Amanda başını çevirdi ve dudakları benimkilerle buluştu, penisim hâlâ onun hâlâ kasılmakta olan vajinasında kökleşmişken öpüştük.
"Şikayet etmiyorum," dedim nefesimiz düzeldiğinde. "Ama bu ne içindi?"
"Sana seninim ve sadece seninim demek istedim," dedi Amanda ciddiyetle. "Ve bir kez daha senin olduğumu hissetmeye ihtiyacım vardı."

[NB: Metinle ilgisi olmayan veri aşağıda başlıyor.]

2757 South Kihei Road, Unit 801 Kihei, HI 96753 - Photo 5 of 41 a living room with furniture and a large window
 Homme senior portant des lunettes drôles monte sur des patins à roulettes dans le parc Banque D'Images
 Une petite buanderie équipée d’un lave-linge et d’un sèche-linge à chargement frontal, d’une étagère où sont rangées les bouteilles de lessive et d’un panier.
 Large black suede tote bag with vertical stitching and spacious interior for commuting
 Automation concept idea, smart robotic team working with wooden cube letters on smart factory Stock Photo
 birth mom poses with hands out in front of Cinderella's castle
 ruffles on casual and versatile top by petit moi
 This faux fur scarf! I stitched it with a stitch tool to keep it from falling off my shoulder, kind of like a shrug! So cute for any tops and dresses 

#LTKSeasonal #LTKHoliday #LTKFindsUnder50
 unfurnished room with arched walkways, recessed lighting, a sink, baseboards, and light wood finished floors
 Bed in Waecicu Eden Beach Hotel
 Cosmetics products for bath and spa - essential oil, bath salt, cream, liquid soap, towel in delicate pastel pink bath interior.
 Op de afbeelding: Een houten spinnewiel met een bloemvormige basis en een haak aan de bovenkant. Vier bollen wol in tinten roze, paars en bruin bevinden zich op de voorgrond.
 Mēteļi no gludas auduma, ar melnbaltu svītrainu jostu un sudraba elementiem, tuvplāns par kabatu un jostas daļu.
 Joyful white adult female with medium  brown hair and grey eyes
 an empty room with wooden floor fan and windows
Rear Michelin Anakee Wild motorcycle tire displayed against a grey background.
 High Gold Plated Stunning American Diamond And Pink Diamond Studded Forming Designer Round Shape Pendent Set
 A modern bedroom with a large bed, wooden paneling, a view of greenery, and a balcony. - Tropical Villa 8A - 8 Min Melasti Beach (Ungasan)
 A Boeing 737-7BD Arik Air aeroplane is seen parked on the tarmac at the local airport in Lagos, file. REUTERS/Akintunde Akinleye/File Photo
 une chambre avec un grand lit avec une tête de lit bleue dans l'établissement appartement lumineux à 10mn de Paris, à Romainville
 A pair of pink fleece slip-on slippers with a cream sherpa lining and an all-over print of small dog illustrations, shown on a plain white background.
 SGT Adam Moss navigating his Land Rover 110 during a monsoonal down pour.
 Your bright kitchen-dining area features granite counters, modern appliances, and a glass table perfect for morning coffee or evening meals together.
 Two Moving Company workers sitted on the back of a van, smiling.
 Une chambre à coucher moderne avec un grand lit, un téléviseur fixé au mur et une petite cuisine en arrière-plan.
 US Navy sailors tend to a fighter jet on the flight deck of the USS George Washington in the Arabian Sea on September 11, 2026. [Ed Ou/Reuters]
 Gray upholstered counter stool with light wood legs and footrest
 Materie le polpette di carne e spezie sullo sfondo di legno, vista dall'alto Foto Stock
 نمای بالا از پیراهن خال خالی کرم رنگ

Başımı salladım, bu mantıklı gelmeye başlamıştı. Craig ona dokunduğunda ben de benzer bir şey hissetmiştim. Onu benim olarak göstermem, onu benim olarak almam ve bir kez daha sevgili olmamız gerektiğini hissetmiştim. Craig ile tekrar yatmayacağına söz vermişti, ama onun ona bu şekilde dokunduğunu görmek —özellikle de ben geldiğimden beri ona bu kadar kötü davrandığından— bir şekilde aynı derecede kötüydü.
"Sanırım Craig sana her dokunduğunda sevişmemiz gerekecek," dedim sırıtarak.
"Oh hayır," dedi Amanda alt dudağını ısırarak. "Ne lanet bir utanç."